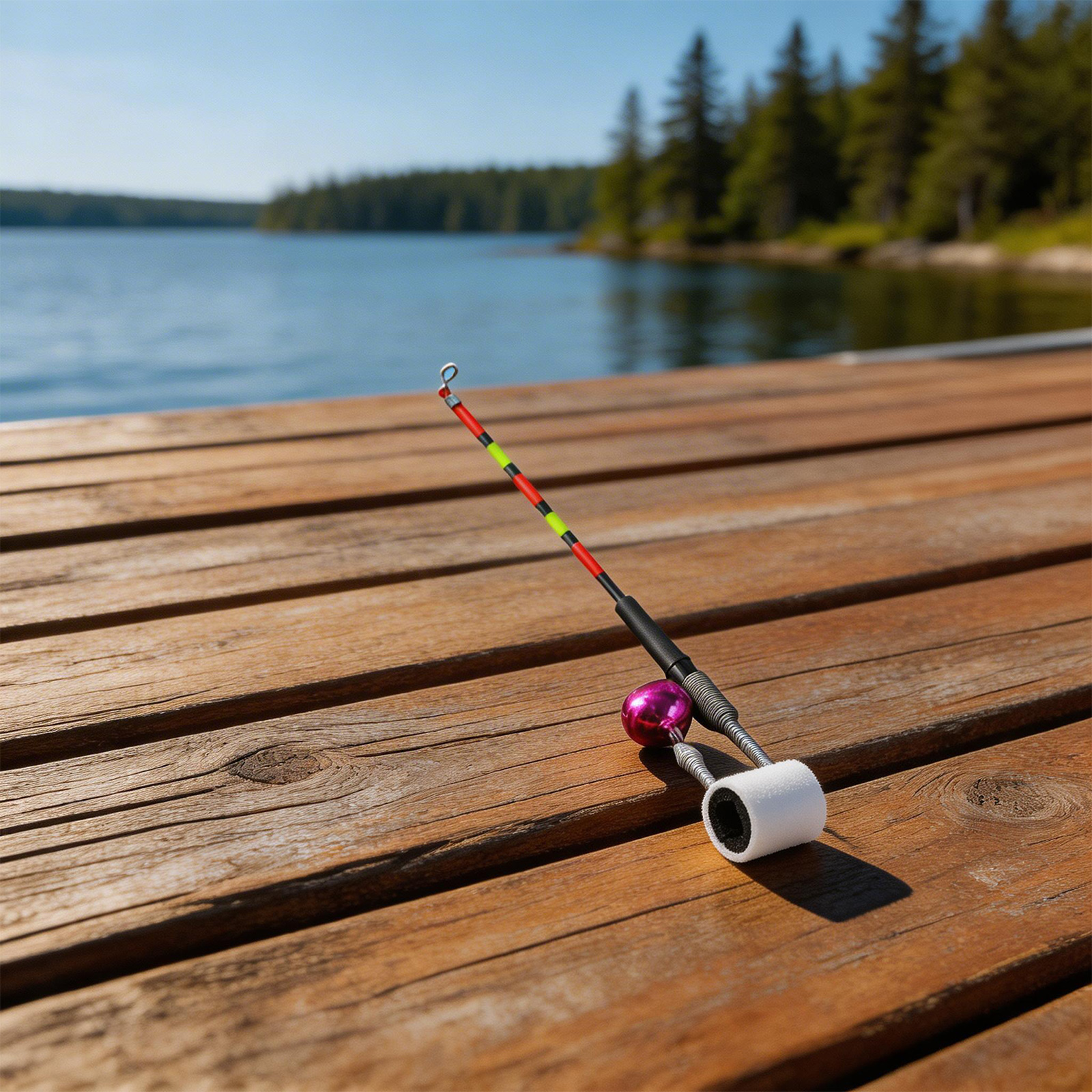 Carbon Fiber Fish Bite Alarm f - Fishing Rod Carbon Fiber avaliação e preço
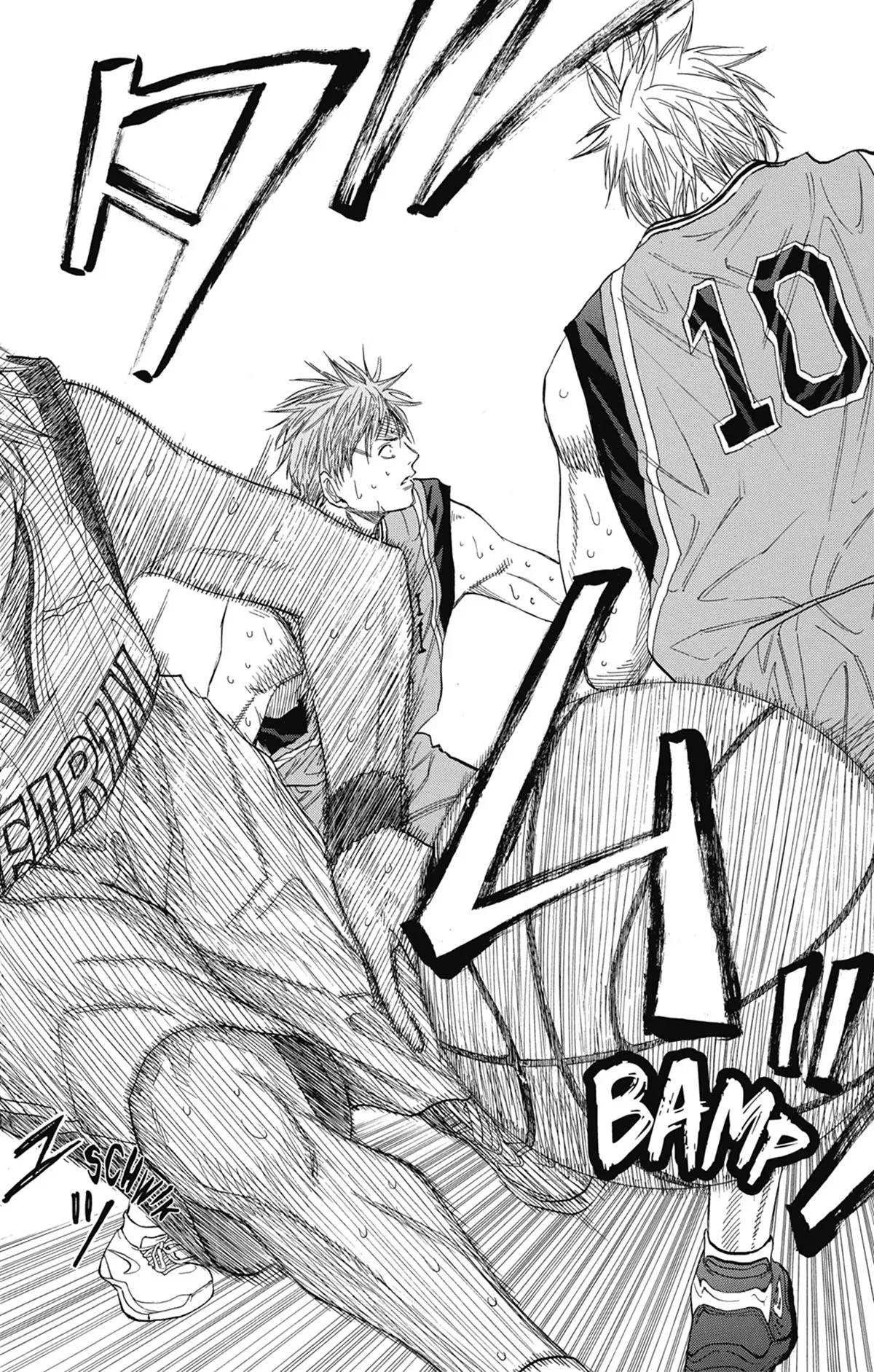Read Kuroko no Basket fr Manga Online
==
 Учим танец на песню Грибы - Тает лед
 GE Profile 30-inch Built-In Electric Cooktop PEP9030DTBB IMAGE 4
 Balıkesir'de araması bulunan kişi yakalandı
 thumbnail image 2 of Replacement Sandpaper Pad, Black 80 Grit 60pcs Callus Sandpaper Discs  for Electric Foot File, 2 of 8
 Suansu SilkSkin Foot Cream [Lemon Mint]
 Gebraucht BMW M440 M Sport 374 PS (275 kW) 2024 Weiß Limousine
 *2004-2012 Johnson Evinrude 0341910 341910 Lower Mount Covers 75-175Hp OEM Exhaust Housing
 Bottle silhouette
---
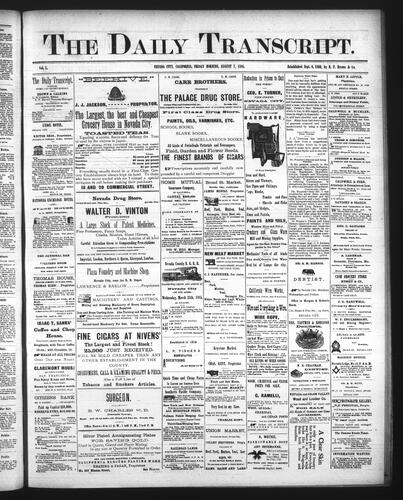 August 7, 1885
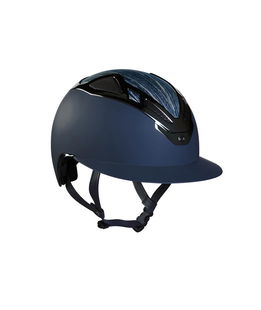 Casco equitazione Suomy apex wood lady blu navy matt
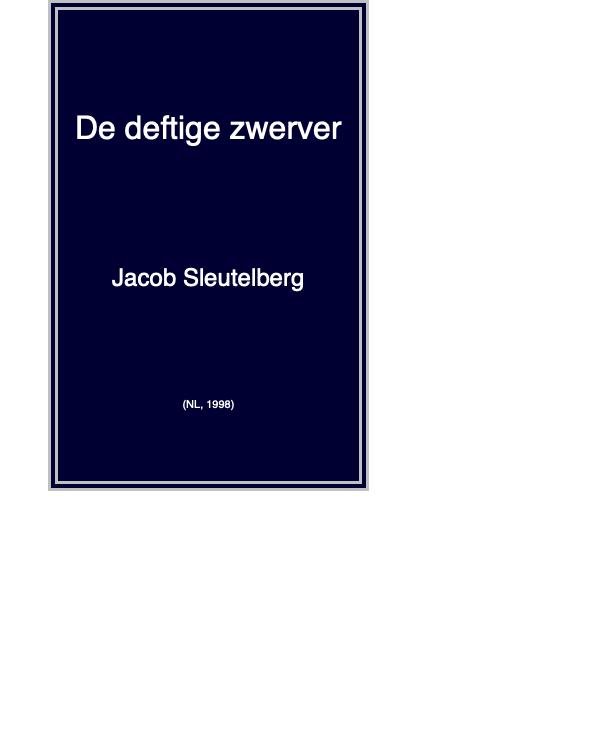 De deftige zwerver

*ASSIGNMENT*. Among the records above, find each line holding "Foot" and list it.

*ANSWER SPACE*.
 thumbnail image 2 of Replacement Sandpaper Pad, Black 80 Grit 60pcs Callus Sandpaper Discs  for Electric Foot File, 2 of 8
 Suansu SilkSkin Foot Cream [Lemon Mint]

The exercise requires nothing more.